ああ、そいつは嬉しいよ。喜ばしいよ。けど正直、素直に受け取れない俺がいる。
「なぁ、ラーナ。今、おまえが言ってくれたことさ、すげぇ嬉しいよ」
「うん」
「だけどさ……」
俺の味方になってくれたラーナと『釜戸の神』には感謝しかない。
しかし、しかしだ……!
「俺に『勇者』になれってのは、どういうことだよ……?」
ラーナは『聖女』となり、神の力を授けられた。
彼女の左手に灯る『手のひらの虹』を見れば、それは事実だとわかる。
だが、俺に『勇者』になれ、だと?
俺に? かつての『私』の『記憶』を受け継いだ、この俺に!?
「ラーナには、前に俺の中の『後悔』の話はしたよな?」
我ながら重々しい声で、それを尋ねる。
彼女はコクリとうなずいた。
「『至天の魔王』ビスティガ・ヴェルグイユが死に際に抱えた『後悔』のことだよね。『正しさ』に人生を費やして、最後の最後で『楽しさ』を知ったっていう」
「そうだよ。俺の中にはその『後悔』が今もしっかり根づいてるんだ!」
絞り出した声は、ほとんど悲鳴も同然だった。
百人の『勇者』に勝ちながら、三人の冒険者に敗れ命を散らした『至天の魔王』。
最期に知ってしまった『生きることの楽しさ』に、あいつは自分の失敗を知った。
ただ『正しい』だけの空虚さを自覚して、深すぎる『後悔』を心に刻んだのだ。
「『勇者』なんて、どいつもこいつも自分の中身を『正義』で満たして、それ以外は何もない屍同然の存在なんだよ! ただ『正しい』だけで、神やら他の人間やらにいいようにコキ使われてるだけの、人形みたいな連中なんだよッ!」
俺達に『滅び』を与えようとしているヴァイスこそ、まさにその典型だ。
俺を魔王と断じ、邪悪と決めつけて消し去ろうとしている。
今、あいつが動かずにいるのは、ラーナを警戒しているからだ。
チェックメイトをかけつつある現状、ヴァイスは確実に俺達を屠ろうとしている。
ラーナの存在は、その確実さを妨げる不確定要素になりうる。
だから見極めようとしてるのだ。俺という邪悪を絶対に滅ぼすために。
そんなヴァイスの根底にあるのも確かに『正義』ではあった。
自らが悪と断じたものを全て消し去って秩序を保とうとする『滅びの正義』だ。
理解はできるがしたくない、そういうたぐいの正義だ。
多くの人間にとっても同じはずだが、ヴァイスにとっては誇るべき正義でもある。
俺からすれば、そんなものを誇るようなヤツ、まっぴらごめんだよ。
自分の『正義』を声高に主張するという行為自体、少しも楽しいと感じられない。
むしろ嫌悪しかねぇよ。
本当に、心の底から嫌悪するよ、そんな『勇者』なんて存在は。

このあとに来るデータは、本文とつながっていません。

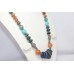 Antique String Necklace Oxidized Metal Natural Multi Color Gem Stone Women D298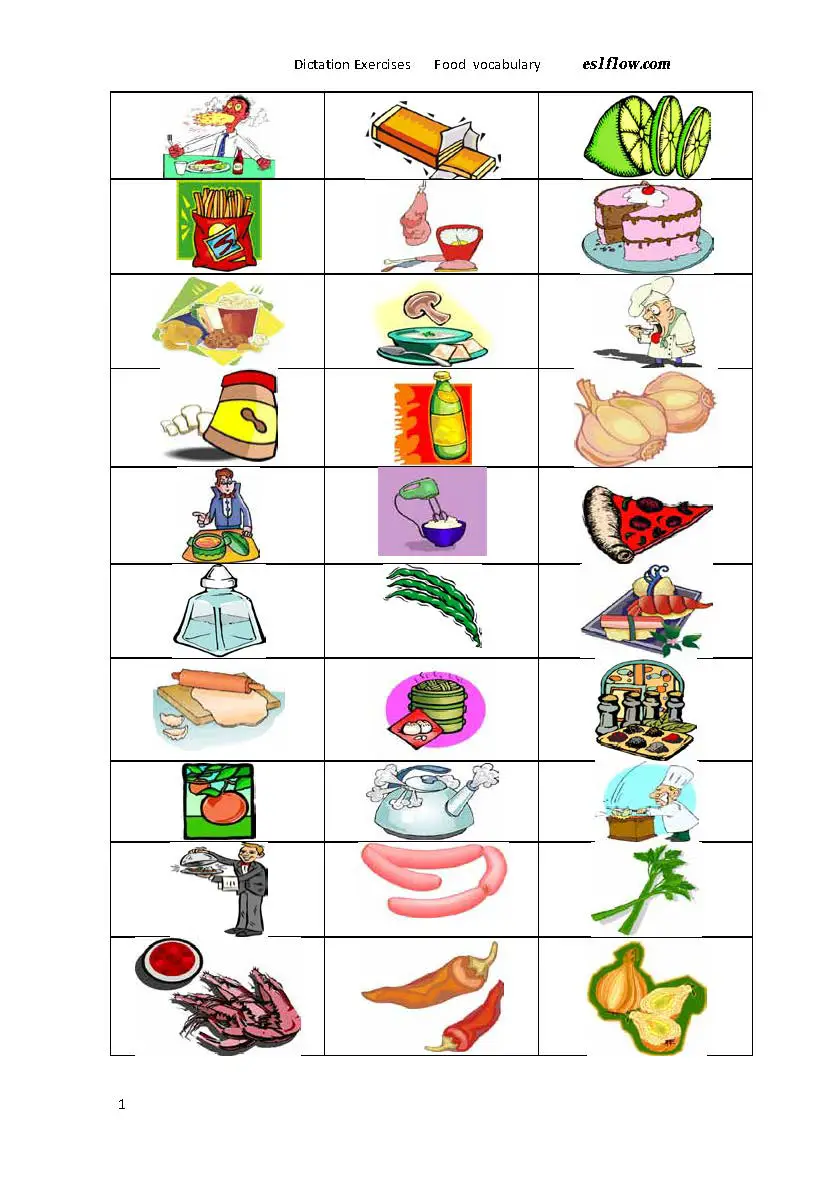 food vocabulary worksheet pdf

だけど、
「……俺に、それになれっていうのか、ラーナは?」
まさかすぎる提案ではあった。
ラーナが『聖女』になったというのなら『勇者』を探す必要は出てくる。
けど、だからって俺に『勇者』なれってさ。
さすがに、それは。それだけは――、
「勘違いしないで、ビスト君」
苦さしか感じていない俺に、ラーナが見せたのは優しい微笑み。
彼女は七色の光を灯した左手で、俺の頬を触れてくる。
じんわりと、温かなものが疲れ切った体に流れ込んでくるのを感じる。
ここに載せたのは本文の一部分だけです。